« ZANA. Orient-ation »
La Conciergerie
2.12.2022 - 23.01.2023
Aucune histoire n’est silencieuse. Toutes produisent des sons, des images, des matières, des souvenirs et des héritages, des futurs et des descendances. Toutes tracent des lignes, qui peuvent ou non se rejoindre, se compléter ou se croiser, s’entremêler ou encore s’arrêter. Il y en a qui parcourent les livres officiels et les imaginaires collectifs, qui ont été tranquillement ordonnées, classées, transmises et données en partage. Il y en a qui sont cachées, ou pire : interdites, qui se confient dans le secret, qui s’explorent difficilement, qui ne se donnent qu’intimement, qui ne se découvrent, d’abord, que solitairement.
Aucune histoire n’est silencieuse, mais beaucoup sont silenciées. Selon le point de vue depuis lequel on les envisage, certaines lignes, inévitablement, apparaissent plus fines que d’autres. Certaines lignes, encore, ne sont pour l’instant que des points, que certains s’attachent à relier. Zana est de ceux-là.
Les points que l’artiste collecte depuis quelques années sont des négatifs jamais développés et des photographies longtemps restées anonymes, des voix délaissées et des anecdotes oubliées. Parti à leur recherche auprès de ses proches, de rencontres fortuites ou dans des archives confidentielles, il les compile et les fusionne pour mieux les transcender. Il les intègre à ses films, ses livres et ses installations, et propose avec eux des liaisons. Par elles se transmettent, coûte que coûte, des histoires dont les protagonistes sont ailleurs discrets, dont la plupart des images ont été perdues et la majorité des sons tus.
Avec les points de suie qui parsèment les surfaces de plâtre des gravures de la série « 5 shahrivar 1358 » s’imprime un chapitre aussi sanglant que clandestin : la répression, en août 1978 (shahrivar 1358 du calendrier persan), des volontés indépendantistes kurdes par Khomeini et son général le plus féroce, Sadek Khalkhali. Le nom du photoreporter Jahangir Razmi n’a été retrouvé qu’un demi-siècle après qu’il a mystérieusement capturé ces témoignages ; ceux des hommes qui se tiennent dessus n’est connu que de peu, volontairement effacés de l’histoire officielle. Comment composer avec des archives cryptées, trouées, manquantes ? Quelles histoires écrire par-delà elles ? Comment s’orienter dans le méandre de tous les sens qu’elles peuvent prendre ?

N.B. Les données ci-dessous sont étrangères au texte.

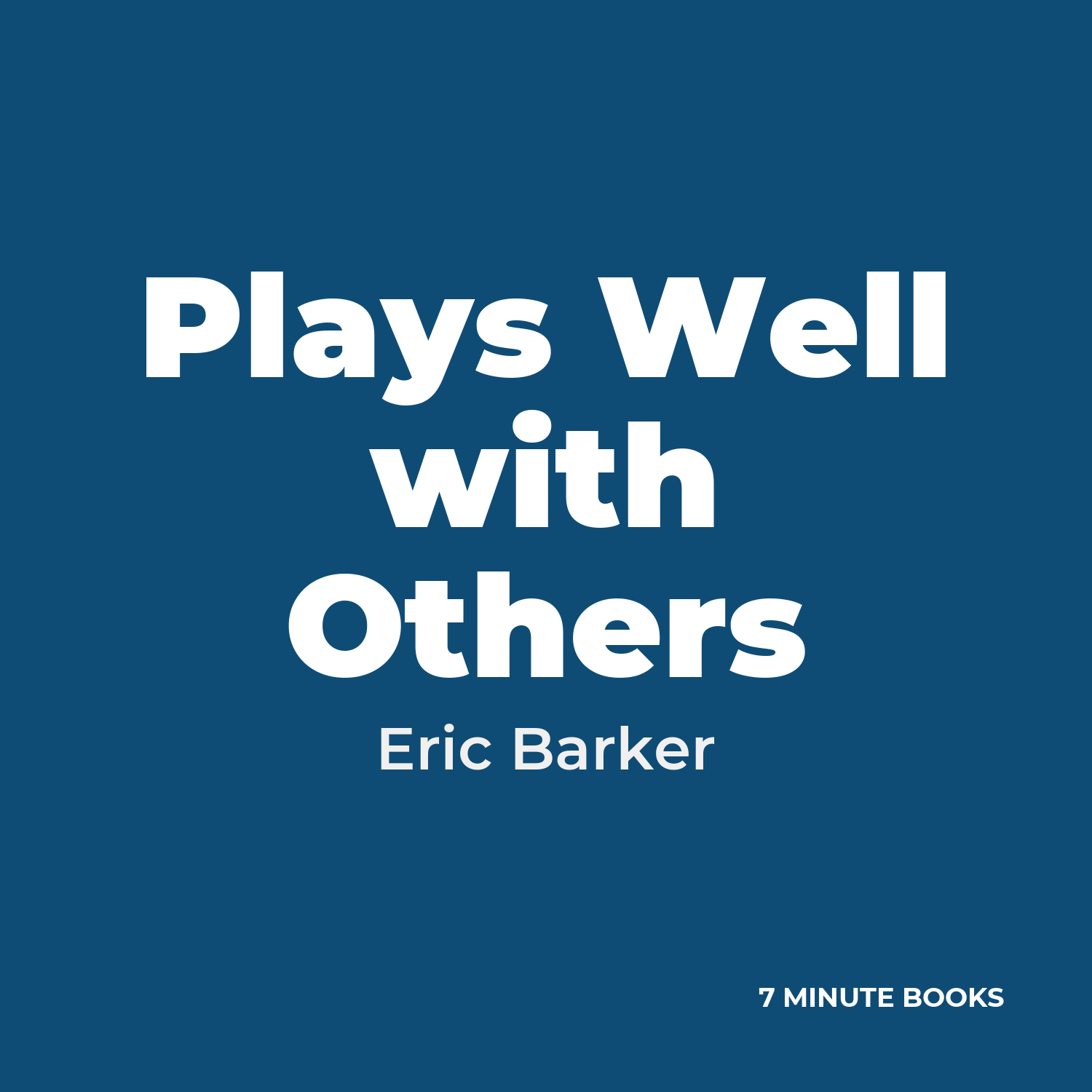 Plays Well with Others — by Eric Barker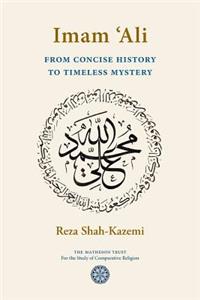 Imam 'Ali From Concise History to Timeless Mystery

Les archives, aussi collectives qu’intimes, avec lesquelles Zana compose sont les étoiles grâce auxquelles il trouve et façonne son propre chemin. Dans la grande nuit le guident les rituels d’un ami et ses anecdotes enfantines, la voix de Leyla Zana – première femme députée kurde du parlement turc, condamnée à dix ans de prison pour avoir prononcé un discours dans sa langue maternelle – ou encore des négatifs transmis par sa famille. La série « Beja rojbash » retrace les montagnes du Kurdistan iranien, un oncle anonyme qui les sillonne en voiture, des morceaux de paysages ou de figures inconnus… Par-dessus les puzzles qu’il compose avec les motifs, l’artiste en a imprimé d’autres encore : des lettres d’un alphabet arabe utilisé par une centaine de langues à travers le monde, avec lesquelles il participe à recomposer une histoire fragmentée entre quatre pays – l’Irak, l’Iran, la Turquie et la Syrie –, quatre dialectes – le kurmandji, le sorani, le zazaki et le gurani, et soixante millions de personnes, sans compter les diasporas. Quel commun reste-t-il au milieu de tant de pluralités ? Que peuvent l’art ou l’Histoire pour conserver les mémoires ? Pour prendre soin du passé, mais aussi du présent et, déjà, du futur ?
Zana n’est ni historien ni prophète. L’artiste serait plutôt poète, agitateur, coupeur-décaleur de lignes qu’il invite à poursuivre, du bout du doigt et avec tout le corps. Comblant les trous, remplissant les manques, soudant littéralement les fragments, il transmet, plus encore que la mémoire, l’attention qu’il faudrait porter sur elle pour réparer ce qui peut encore l’être : si ce n’est les corps, du moins leurs souvenirs. Et les points de devenir des lignes, qui déchirent le silence et dessinent, enfin, la dignité à laquelle l’artiste entend faire parvenir tous ses fantômes.